October 18, 1980 Ki / Be

ROBERT BOSCH GHBH, 7000 STUTTGART 1

Electrical capacitor with a housing and a capacitor winding made of metallized plastic st cf film

summary

An electrical capacitor is proposed the one capacitor winding (10) made of metallized plastic film and a metallic housing (18) in which the capacitor winding together with insulating material caps (26, 28) is installed. The edge of the housing (18) left free by the capacitor winding (10) is filled with insulating oil. The capacitor wedge (10) is on its end faces with gas-, vapor- and oil-tight protective layers (42) provided, many marriage at the same time to hold the Isolierst off caps (26, 28) serve on the capacitor winding.
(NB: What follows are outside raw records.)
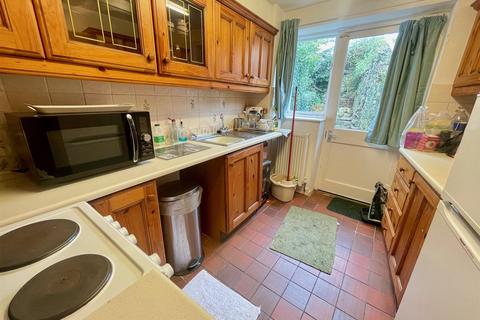 2 bedroom terraced house for sale, Rating Row, Beaumaris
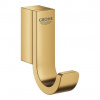 Háčik Grohe Selection, brúsený Cool Sunrise 41039GN0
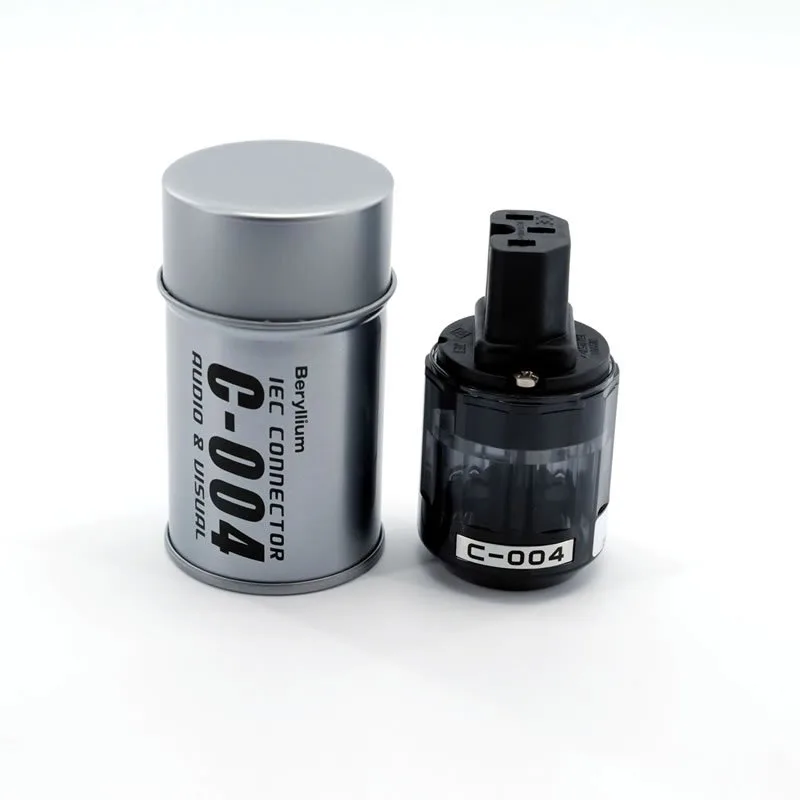 Oyaide C-004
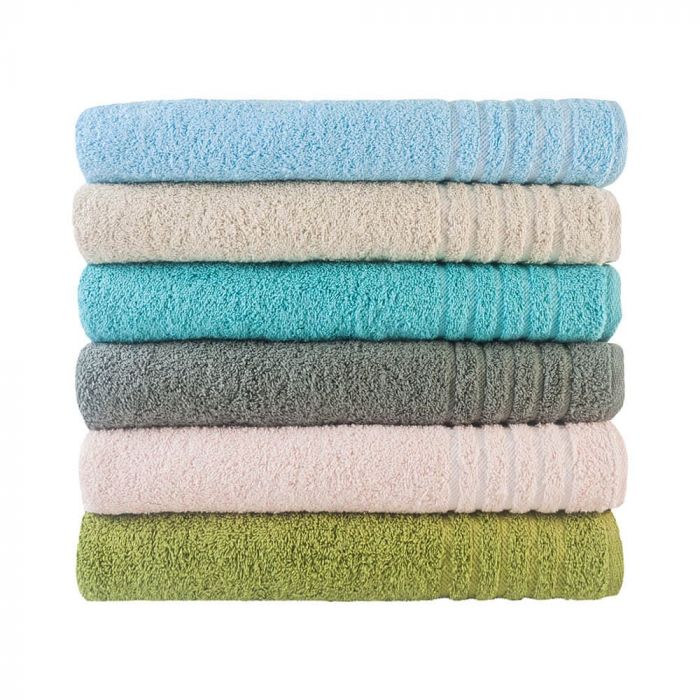 TOALLA CUERPO SPECIAL NIGHT COLOR SURT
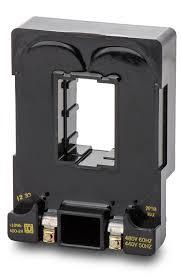 SCHNEIDER ELECTRIC 3109640024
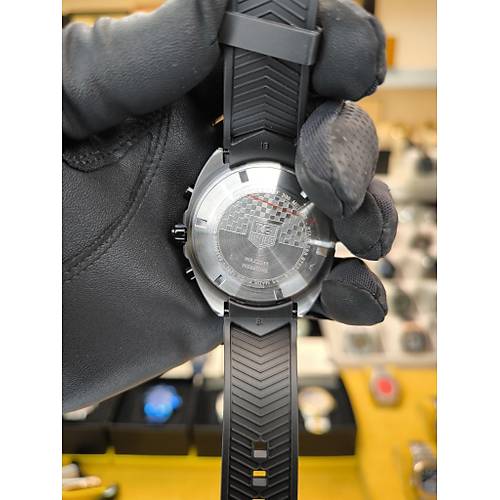 FORMULA 1 CRONOGRAPH REPLKA SAAT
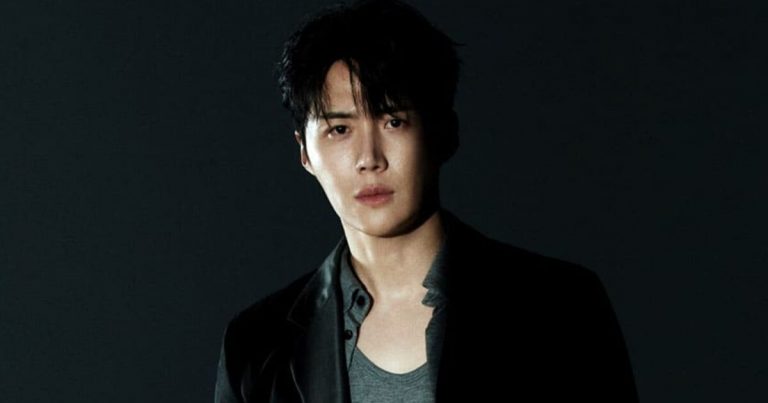 Kim Seon Ho’s Unexpected Update Faces Backlash Amid Recent Controversy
The insulating caps For this purpose, the protective layers applied to the capacitor winding are used before hardening or cooling (42) pressed against it. The tool for pressing on the insulating material caps is usefully stroke-controlled, so there? a given length of 'nickel (10) and insulating material caps (26, 28) formed assembly exactly adhere to. After the protective layers have hardened or cooled (42) the insulating caps (26, 28) are through Adhesive forces on the protective layers and thus on the roll held.

Claims (7)

ro f # ■ β ty · R. 6 68 3 18.10.1980 Ki / Be ROBERT BOSCH GPlBH, 7OOO STUTTGART 1 claims 1. Electrical capacitor, with a housing in which a Condensate cover made of metallized plastic film is installed, which is firmly adhered to its end faces gas-, vapor- or oil-tight protective layers and is centered in the housing by insulating caps resting against the protective layers, characterized in that which are applied to the protective layers (42) prior to curing or |. Caps (26, 28) on the pressed insulating material to cool [; the produced during curing or cooling, on the contact surfaces) adhesion force of the protective layers (42) ί ι j are recorded. r 2. Capacitor according to claim 1, characterized in that: that the protective layers (42) made of a hardenable resin ^; especially epoxy resin. ' 3. Capacitor according to claim 1, characterized in that the protective layers (42) consist of one or more l I 1 t 1 I t t t t «f Fluidized bed layers of a coating powder, in particular epoxy sintering powder exist. 4. Capacitor according to claim 1, characterized in that the protective layers (42) consist of a melted Wax with a melting point above 100 ° C. 5. Capacitor according to one of the preceding claims, with metallic ones sprayed onto the Vickers end faces Contact bridges, characterized in that the material of the protective layers (42) back in the pores of the Kor, takfL " (14, 16) is anchored. 6. Capacitor according to one of the preceding claims, marked by the fact that the insulating material caps (26, 2S) are provided with channels on their control surface, the depth of which is greater than the thickness of the protective layer. 7. Capacitor, in particular according to one of the preceding claims, d.g. that the around the capacitor element (10) formed free space .des housing (18) with insulating liquid is filled and the protective layers (42) consist of a material that prevents the penetration of the insulating liquid through the porous contact bridges (14, 16) into the interior of the capacitor element (10).